外資の農地取得調査 17年分から全国的に 農相方針

 斎藤健農相は23日の参院農林水産委員会で、外資によって国内の農地が取得されていないかどうかについて、2017年分から全国的に調べる方針を示した。農地法では、外資を含めた企業の農地取得は認められておらず、これまでは調査してこなかったが、外資の関連法人が農地を借りて参入するなど、日本農業への関心を強めていることも踏まえ、実態を把握し直す。民進党の徳永エリ氏への答弁。

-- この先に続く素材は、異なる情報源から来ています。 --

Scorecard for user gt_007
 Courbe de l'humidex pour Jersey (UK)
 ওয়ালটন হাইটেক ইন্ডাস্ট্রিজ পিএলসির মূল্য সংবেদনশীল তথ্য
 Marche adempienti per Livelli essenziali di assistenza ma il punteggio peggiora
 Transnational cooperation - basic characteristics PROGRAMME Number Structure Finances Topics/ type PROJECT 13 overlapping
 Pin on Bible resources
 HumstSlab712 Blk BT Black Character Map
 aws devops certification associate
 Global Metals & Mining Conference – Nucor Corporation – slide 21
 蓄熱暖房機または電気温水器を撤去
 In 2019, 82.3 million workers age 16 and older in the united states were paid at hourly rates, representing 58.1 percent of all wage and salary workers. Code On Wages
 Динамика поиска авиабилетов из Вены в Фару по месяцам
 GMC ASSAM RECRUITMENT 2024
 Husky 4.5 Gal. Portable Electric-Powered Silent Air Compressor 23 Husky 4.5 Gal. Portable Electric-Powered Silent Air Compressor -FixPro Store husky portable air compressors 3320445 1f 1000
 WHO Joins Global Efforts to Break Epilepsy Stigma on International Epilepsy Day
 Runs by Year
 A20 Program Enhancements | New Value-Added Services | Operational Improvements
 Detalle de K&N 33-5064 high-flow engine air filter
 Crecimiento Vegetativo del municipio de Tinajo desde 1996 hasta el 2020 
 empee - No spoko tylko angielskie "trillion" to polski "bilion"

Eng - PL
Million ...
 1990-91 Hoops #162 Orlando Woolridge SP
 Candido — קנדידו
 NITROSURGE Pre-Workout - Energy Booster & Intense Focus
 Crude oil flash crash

 国内では近年、外資が出資して日本で設立した法人が、農地を借りて参入する事例が出ている。徳永氏は、こうした動きは今後も増えてくると指摘し、「(外資参入の)実態を農水省として把握しておく必要がある」と訴えた。

 斎藤農相は、農地を所有できる法人は農業者の出資割合が過半である必要があることから、「農業者の意に反して、農地を取得した法人に外国資本が流入することは、基本的にない」と説明した。一方で、森林では外資による買収状況を毎年調べていることもあり、農地でも農地法の規定が順守されているかどうか、全国調査すると述べた。

 一方、無所属の舟山康江氏は飼料用米の取引価格を、代替となる輸入トウモロコシと同等の1キロ20~30円と政府が説明していることについて「現実にはもっと安い」と指摘。斎藤農相は1月に飼料用米生産者や畜産農家など229件に聞き取り調査し、同価格帯で取引されていると確認したとする一方、流通経費などを引いた生産者手取りは同5円になる例もあると説明した。舟山氏は飼料用米の生産者に国の助成金が入ることを見越して、取引価格が引き下げられている可能性があるとし、取引実態を厳しくチェックするよう求めた。

 徳永氏はまた、農産物の輸送トラックの運転手不足を背景に、北海道のジャガイモやタマネギの輸送を支える鉄道網の重要性が増していることを指摘。JR北海道が多くの線区で廃止を含めた見直しを検討していることについて、国土交通省の認識を質した。

 同省の牧野京夫副大臣は、「物流を確保する方策も含めて検討する必要がある」と述べ、JR北海道が、線区の維持が困難な地域で進める住民との協議について、輸送網を維持する重要性を踏まえて、「積極的に関与していく」と述べた。